The spoken part of the corpus is itself divided into two. Approximately half of it is composed of informal conversation recorded by nearly 200 volunteers recruited for the project by a market research agency and forming a balanced sample with respect to age, gender, geographical area, and social class. This sampling method reflects the demographic distribution of spoken language, but (because of its small size) would have excluded from the corpus much linguistically-significant variation due to context. To compensate for this, the other half of the spoken corpus consists of speech recorded in each of a large range of predefined situations (for example public and semi-public meetings, professional interviews, formal and semi-formal proceedings in academia, business, or leisure contexts).
In retrospect, some text classifications (author ethnic origin for example) were poorly defined and many of them were only partially or unreliably populated. Pressures of production and lack of ready information seriously affected the accuracy and consistency with which all these variables were actually recorded in the text headers. Even such a seemingly neutral concept as dating is not unproblematic for written text — are we talking about the date of the copy used or of the first publication? Similarly, when we talk of ‘Author age’ do we mean age at the time the book was published, or when it was printed?

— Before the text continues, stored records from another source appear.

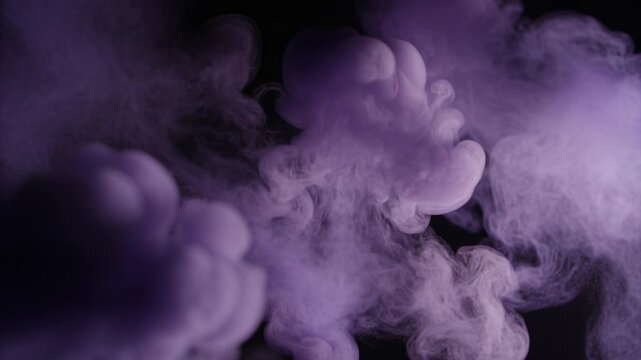 Unfolding after dye, purple plume curling, expanding in tank against black backdrop with rim light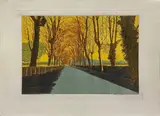 Daniel Lang, November road
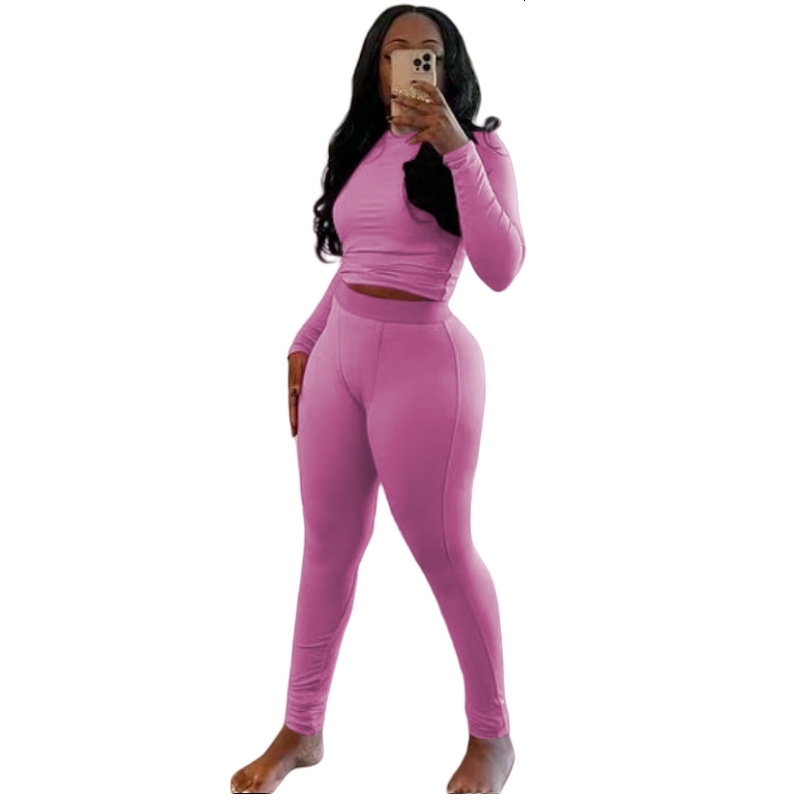 Women Tracksuits Two Pieces Set 2025 New Fashion Sport Set Pit Strip Elastic Yoga Sport Womens Set 11 Colours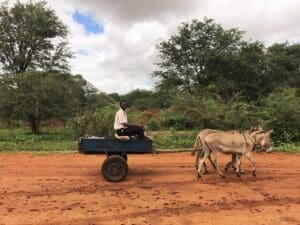 Südafrika Zimbabwe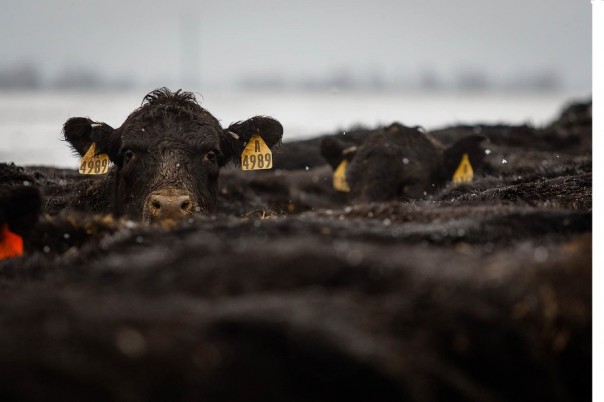 В обход эмбарго: санкционное мясо в живом виде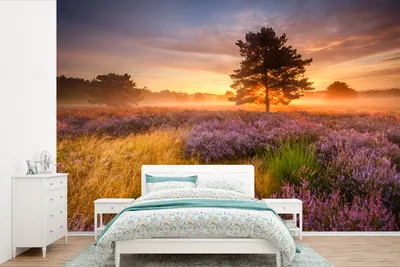 Produktbild von MuchoWow® Fototapete für Wohnzimmer oder Schlafzimmer Wandtapete Vinyl Motivtapete Heidelandschaft mit einem Baum - 525x350 cm - Das Hintergrundbild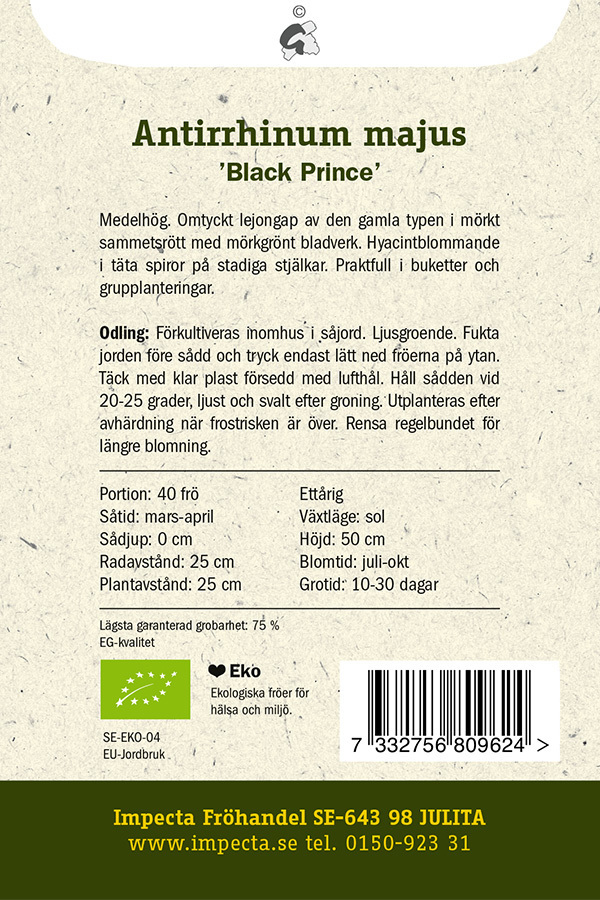 Lejongap 'Black Prince'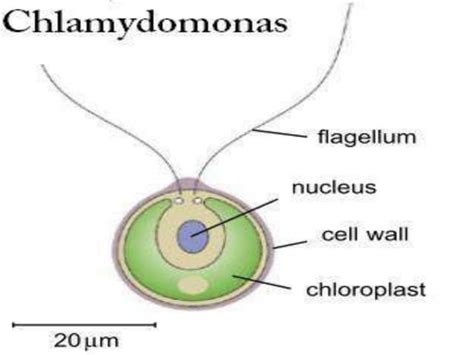 Protoctista | PPT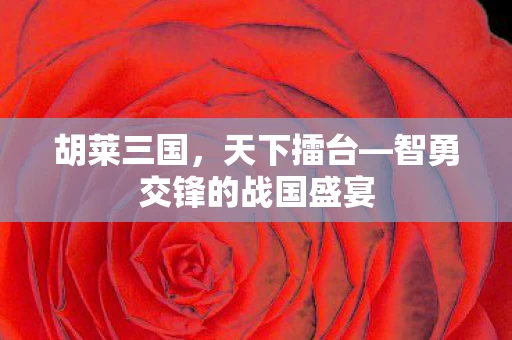 智勇交锋的战国盛宴图片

Of course, corpora before the BNC had been designed according to similar methods, though perhaps not on such a scale. In general, however, the metadata associated with such corpora had been regarded as something distinct from the corpus itself, to be sought out by the curious in the ‘manual of information to accompany’ the corpus. One innovation due to the Text Encoding Initiative, and adopted by the BNC, was the idea of an integrated header, attached to each text file in the corpus, and using the same formalism. This header contains information identifying and classifying each text, as well as additional specifics such as demographic data about the speakers, and housekeeping information about the size, update status, etc. Again following the TEI, the BNC factors out all common date (such as documentation and definition of the classification codes used) into a header file applicable to the whole corpus, retaining within each text header only the specific codes applicable to that text.5
During production, however, classificatory and other metadata was naturally gathered as part of the text capture process by the different data capture agencies mentioned above and stored locally before it was integrated within the OUCS database from which the TEI headers were generated. With the best will in the world, it was therefore difficult to avoid inconsistencies in the way metadata was captured, and hence to ensure that it was uniformly reliable when combined.
Annotation
Word tagging in the BNC was performed automatically, using CLAWS4, an automatic tagger developed at Lancaster University from the CLAWS1 tagger originally produced to perform a similar task on the one million LOB Corpus. The system is described more fully in Leech 1994; its theory and practice are explored in Garside 1997, and full technical documentation of its usage with the BNC is provided in the Manual which accompanies the BNC World Edition (Leech 2000).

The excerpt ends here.